Relationship between Coefficient of Determination & Squared Pearson Correlation Coefficient

The usual way of interpreting the coefficient of determination $R^{2}$ is to see it as the percentage of the variation of the dependent variable $y$ ( $Var(y)$ ) can be explained by our model. The exact interpretation and derivation of the coefficient of determination $R^{2}$ can be found here.

Another way of interpreting the coefficient of determination $R^{2}$ is to look at it as the Squared Pearson Correlation Coefficient between the observed values $y_{i}$ and the fitted values $\hat{y}_{i}$ . In this post we are going to prove that this is actually the case. For the proof we have to know the following (taken from OLS theory and general statistics):

$y = \hat{y} + e$
$Cov[\hat{y},e]=0$
$Cov[x,(y+Z)]=Cov(x,y)+Cov(x,Z)$
$Var(x) = Cov(x,x)$
$Var(x) = \frac{1}{n} \sum_i^N (x_i - \bar{x})^2$
$r_{y,\hat{y}}=\frac{Cov(y,\hat{y})}{\sqrt[2]{Var(y)Var(\hat{y}) }}$

In the following we are going to see how to derive the coefficient of determination $R^{2}$ from the the Squared Pearson Correlation Coefficient between the observed values $y_{i}$ and the fitted values $\hat{y}_{i}$ .

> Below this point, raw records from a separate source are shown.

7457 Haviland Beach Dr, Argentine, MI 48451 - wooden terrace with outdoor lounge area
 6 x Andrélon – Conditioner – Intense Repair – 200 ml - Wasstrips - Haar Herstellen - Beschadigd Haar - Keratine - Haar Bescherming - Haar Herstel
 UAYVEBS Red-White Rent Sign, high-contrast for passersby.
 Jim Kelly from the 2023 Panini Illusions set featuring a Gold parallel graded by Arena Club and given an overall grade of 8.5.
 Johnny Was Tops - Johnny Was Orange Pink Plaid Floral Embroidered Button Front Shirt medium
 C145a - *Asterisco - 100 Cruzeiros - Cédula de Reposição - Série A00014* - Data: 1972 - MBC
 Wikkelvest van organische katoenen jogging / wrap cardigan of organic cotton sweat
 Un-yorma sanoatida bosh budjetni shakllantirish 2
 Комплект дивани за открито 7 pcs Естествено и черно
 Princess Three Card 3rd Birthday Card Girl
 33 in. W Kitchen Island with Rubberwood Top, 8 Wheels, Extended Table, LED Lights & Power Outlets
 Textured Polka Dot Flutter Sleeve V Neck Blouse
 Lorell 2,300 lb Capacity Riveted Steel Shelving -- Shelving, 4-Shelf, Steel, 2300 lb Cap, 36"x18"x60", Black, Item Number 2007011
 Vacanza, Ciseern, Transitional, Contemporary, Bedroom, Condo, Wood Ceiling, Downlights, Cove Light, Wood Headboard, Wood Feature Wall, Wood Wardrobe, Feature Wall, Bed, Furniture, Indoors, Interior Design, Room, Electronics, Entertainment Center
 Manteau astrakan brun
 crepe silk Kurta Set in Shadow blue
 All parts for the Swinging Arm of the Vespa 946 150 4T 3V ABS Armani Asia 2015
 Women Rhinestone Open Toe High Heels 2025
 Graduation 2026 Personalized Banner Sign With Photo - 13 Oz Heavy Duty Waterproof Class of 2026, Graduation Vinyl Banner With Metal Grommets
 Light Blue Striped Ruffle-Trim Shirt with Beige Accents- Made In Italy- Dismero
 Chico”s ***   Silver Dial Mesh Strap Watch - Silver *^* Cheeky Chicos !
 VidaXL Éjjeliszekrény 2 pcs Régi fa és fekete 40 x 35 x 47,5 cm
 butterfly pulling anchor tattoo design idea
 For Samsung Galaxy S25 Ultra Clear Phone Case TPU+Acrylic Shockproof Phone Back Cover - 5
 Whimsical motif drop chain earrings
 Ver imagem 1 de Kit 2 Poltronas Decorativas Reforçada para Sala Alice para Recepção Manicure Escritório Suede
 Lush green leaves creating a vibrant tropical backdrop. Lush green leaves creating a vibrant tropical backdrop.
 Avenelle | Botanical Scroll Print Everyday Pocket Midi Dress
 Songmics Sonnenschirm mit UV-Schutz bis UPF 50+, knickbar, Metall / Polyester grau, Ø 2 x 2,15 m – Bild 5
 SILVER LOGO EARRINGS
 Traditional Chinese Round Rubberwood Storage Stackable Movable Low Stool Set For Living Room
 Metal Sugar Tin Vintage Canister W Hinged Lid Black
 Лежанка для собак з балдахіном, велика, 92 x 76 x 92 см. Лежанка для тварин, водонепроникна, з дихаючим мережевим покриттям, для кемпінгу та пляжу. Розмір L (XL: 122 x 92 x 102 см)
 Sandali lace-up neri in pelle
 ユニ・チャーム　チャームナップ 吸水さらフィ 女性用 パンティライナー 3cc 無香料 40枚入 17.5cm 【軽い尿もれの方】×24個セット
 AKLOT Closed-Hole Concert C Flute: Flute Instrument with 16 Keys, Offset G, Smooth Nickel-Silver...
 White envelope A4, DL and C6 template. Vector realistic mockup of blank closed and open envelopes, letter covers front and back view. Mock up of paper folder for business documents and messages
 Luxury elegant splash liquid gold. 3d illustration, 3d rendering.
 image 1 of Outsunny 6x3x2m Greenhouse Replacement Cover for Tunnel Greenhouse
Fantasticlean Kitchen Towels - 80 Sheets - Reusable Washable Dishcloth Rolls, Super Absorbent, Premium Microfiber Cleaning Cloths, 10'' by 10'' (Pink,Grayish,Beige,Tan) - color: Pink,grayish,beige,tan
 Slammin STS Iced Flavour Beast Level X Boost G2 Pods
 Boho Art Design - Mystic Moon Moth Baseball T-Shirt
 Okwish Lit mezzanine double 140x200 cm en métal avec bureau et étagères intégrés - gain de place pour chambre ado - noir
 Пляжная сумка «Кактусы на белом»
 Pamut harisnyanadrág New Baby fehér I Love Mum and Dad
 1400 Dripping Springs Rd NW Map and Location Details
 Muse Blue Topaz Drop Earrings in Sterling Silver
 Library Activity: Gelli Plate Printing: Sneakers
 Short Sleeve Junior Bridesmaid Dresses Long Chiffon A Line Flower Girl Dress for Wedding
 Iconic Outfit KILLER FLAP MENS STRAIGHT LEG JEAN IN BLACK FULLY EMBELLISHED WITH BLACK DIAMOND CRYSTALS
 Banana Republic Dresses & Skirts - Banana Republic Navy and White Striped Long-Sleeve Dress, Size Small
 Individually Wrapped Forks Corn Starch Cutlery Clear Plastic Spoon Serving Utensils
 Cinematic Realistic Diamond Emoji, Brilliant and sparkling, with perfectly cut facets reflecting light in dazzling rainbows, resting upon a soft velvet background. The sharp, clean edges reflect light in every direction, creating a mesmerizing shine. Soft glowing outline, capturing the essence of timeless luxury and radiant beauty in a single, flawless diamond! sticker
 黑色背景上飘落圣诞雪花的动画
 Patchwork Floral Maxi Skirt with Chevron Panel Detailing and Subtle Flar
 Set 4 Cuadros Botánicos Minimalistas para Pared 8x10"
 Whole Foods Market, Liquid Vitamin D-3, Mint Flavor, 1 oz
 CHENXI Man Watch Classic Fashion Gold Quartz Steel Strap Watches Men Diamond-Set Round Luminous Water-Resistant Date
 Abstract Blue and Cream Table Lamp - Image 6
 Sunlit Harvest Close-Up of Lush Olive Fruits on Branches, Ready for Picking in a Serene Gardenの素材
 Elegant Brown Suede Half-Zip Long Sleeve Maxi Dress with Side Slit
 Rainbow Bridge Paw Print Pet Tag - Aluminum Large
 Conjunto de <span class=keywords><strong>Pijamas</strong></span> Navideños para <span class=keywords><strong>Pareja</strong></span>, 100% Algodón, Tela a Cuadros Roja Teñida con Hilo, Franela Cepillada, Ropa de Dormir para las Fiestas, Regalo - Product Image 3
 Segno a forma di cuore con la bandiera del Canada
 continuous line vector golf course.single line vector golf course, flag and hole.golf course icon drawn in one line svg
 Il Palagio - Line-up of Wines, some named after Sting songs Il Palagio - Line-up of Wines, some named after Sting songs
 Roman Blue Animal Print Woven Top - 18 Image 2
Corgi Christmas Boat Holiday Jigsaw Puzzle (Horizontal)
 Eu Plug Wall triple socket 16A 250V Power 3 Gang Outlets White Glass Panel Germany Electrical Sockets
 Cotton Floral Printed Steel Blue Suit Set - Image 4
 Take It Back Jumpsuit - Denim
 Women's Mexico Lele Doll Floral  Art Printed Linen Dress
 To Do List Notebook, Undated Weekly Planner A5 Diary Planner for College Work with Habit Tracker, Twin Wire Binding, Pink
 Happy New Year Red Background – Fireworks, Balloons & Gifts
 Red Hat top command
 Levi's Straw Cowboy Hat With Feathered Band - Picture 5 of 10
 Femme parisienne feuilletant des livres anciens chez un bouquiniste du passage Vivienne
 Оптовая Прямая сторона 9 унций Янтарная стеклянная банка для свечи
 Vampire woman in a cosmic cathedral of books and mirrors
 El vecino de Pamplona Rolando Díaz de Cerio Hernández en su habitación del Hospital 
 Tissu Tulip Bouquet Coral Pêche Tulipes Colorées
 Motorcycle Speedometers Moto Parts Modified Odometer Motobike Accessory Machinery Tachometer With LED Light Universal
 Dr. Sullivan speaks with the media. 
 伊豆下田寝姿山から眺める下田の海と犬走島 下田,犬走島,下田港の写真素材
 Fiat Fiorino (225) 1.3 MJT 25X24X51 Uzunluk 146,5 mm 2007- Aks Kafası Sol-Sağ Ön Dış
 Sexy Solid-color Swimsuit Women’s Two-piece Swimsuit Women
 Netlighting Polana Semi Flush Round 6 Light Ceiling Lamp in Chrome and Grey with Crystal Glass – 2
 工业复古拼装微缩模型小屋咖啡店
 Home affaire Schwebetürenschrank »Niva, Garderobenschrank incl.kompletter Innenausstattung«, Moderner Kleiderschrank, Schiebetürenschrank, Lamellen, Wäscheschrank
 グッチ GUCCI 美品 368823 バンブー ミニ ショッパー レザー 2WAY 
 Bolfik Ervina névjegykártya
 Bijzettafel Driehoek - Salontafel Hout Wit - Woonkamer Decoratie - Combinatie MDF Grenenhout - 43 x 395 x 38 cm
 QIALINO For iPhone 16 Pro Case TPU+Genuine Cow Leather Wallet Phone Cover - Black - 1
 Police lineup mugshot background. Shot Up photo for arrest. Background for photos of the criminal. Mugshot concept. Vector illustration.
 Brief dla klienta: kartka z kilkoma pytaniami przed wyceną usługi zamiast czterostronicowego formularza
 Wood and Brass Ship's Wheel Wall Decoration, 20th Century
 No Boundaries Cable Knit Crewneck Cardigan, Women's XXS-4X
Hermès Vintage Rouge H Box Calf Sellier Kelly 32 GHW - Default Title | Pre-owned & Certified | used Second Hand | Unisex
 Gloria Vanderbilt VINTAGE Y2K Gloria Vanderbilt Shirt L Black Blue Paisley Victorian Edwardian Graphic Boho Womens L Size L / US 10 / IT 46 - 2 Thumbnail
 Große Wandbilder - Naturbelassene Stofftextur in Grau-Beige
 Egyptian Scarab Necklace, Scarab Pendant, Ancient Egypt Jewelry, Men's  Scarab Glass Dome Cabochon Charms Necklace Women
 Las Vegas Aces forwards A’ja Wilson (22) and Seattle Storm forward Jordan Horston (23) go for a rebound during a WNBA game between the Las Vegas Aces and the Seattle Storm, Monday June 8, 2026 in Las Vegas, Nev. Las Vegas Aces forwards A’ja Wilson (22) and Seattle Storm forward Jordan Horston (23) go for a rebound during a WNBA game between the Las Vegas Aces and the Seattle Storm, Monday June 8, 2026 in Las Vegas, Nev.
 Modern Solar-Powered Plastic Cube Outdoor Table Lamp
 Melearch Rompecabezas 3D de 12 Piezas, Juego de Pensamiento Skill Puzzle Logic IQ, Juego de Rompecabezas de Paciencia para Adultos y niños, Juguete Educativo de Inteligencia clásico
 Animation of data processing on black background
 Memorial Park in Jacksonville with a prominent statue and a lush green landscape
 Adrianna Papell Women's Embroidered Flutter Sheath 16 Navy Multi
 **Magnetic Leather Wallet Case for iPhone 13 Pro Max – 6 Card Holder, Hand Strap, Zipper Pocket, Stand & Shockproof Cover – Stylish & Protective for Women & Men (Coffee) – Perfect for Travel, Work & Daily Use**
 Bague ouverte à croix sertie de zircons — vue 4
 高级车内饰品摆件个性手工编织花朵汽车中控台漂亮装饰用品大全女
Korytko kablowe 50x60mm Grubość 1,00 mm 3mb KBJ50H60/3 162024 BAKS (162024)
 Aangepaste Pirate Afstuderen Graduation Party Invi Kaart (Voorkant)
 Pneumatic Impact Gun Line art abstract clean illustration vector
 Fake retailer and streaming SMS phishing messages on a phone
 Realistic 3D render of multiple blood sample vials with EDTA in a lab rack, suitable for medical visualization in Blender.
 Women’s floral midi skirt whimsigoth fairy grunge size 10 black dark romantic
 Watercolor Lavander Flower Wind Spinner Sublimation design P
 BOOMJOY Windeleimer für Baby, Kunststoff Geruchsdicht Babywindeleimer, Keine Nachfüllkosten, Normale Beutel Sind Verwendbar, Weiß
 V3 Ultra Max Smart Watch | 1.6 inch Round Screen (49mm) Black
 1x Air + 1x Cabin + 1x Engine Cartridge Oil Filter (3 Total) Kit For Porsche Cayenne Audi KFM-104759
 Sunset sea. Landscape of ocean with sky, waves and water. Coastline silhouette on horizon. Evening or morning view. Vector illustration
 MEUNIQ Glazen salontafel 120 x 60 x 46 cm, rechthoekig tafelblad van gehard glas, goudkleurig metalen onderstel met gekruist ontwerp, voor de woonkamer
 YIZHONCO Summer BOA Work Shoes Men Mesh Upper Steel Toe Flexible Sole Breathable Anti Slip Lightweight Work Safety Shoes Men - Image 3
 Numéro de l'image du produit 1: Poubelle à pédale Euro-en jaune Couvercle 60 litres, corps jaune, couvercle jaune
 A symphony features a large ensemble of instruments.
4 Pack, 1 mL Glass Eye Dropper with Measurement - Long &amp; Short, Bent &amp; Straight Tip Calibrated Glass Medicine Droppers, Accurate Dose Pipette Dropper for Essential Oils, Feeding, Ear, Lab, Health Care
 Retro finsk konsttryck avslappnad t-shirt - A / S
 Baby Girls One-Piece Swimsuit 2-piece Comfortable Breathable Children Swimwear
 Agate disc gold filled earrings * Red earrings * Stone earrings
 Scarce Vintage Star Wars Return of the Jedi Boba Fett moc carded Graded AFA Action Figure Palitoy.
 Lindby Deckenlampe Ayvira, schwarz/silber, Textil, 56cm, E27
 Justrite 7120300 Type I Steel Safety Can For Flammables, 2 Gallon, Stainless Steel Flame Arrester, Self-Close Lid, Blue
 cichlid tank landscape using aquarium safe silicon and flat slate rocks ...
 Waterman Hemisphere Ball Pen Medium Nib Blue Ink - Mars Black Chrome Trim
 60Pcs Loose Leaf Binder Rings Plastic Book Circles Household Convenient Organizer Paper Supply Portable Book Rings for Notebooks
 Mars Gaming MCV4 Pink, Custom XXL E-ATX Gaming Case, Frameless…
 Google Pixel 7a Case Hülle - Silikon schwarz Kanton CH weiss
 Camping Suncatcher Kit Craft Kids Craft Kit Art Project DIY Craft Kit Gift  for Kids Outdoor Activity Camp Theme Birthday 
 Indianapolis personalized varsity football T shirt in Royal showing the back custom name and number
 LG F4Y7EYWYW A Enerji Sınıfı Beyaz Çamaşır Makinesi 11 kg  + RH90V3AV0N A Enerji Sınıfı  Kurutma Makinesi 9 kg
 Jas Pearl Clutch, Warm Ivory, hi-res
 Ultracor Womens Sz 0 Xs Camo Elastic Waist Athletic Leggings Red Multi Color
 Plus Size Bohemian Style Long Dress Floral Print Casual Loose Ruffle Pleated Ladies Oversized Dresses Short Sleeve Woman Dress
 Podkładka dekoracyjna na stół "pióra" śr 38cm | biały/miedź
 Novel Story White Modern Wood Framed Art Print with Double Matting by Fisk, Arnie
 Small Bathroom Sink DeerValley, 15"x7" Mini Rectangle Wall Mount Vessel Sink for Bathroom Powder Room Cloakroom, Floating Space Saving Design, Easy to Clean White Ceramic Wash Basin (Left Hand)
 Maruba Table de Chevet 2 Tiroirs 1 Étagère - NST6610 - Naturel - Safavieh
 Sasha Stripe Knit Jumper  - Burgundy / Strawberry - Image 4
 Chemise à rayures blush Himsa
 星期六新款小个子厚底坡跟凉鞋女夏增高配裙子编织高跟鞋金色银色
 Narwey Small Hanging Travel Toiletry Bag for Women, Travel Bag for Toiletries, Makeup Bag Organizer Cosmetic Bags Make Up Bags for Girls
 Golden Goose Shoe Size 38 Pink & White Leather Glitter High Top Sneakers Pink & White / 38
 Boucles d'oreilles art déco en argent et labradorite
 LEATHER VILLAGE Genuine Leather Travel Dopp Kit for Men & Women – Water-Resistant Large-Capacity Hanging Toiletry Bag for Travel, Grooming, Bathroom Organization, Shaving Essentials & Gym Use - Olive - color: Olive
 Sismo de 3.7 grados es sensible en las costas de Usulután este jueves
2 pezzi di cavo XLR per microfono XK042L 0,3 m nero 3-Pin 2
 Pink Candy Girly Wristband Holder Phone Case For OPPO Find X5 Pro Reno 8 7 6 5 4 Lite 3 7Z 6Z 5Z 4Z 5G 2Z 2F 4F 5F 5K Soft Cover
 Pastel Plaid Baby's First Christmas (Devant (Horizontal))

$r^{2}_{y,\hat{y}}=\left(\frac{Cov(y,\hat{y})}{\sqrt[2]{Var(y)Var(\hat{y}) }}\right)^{2}$

$r^{2}_{y,\hat{y}}=\frac{Cov(y,\hat{y})}{\sqrt[2]{Var(y)Var(\hat{y}) }} \frac{Cov(y,\hat{y})}{\sqrt[2]{Var(y)Var(\hat{y}) }}$

$r^{2}_{y,\hat{y}}=\frac{Cov(y,\hat{y}) Cov(y,\hat{y})}{Var(y)Var(\hat{y}) }$

$r^{2}_{y,\hat{y}}=\frac{Cov(\hat{y}+e,\hat{y}) Cov(\hat{y}+e,\hat{y})}{Var(y)Var(\hat{y}) }$

$r^{2}_{y,\hat{y}}=\frac{\left(Cov(\hat{y},\hat{y})+ Cov(\hat{y},e) \right) \left(Cov(\hat{y},\hat{y})+ Cov(\hat{y},e) \right) }{Var(y)Var(\hat{y}) }$

$r^{2}_{y,\hat{y}}=\frac{Cov(\hat{y},\hat{y})Cov(\hat{y},\hat{y})}{Var(y)Var(\hat{y}) }$

$r^{2}_{y,\hat{y}}=\frac{Var(\hat{y}) Var(\hat{y})}{Var(y)Var(\hat{y}) }$

$r^{2}_{y,\hat{y}}=\frac{Var(\hat{y}) }{Var(y) }= \frac{\frac{1}{n} \sum_i^N (\hat{y_i} - \bar{\hat{y}})^2}{\frac{1}{n} \sum_i^N (y_i - \bar{y})^2} = \frac{\sum_i^N (\hat{y_i} - \bar{\hat{y}})^2}{\sum_i^N (y_i - \bar{y})^2} = \frac{ESS}{TSS} = R^{2}$

$r^{2}_{y,\hat{y}}= R^{2}$

20 thoughts on “Relationship between Coefficient of Determination & Squared Pearson Correlation Coefficient”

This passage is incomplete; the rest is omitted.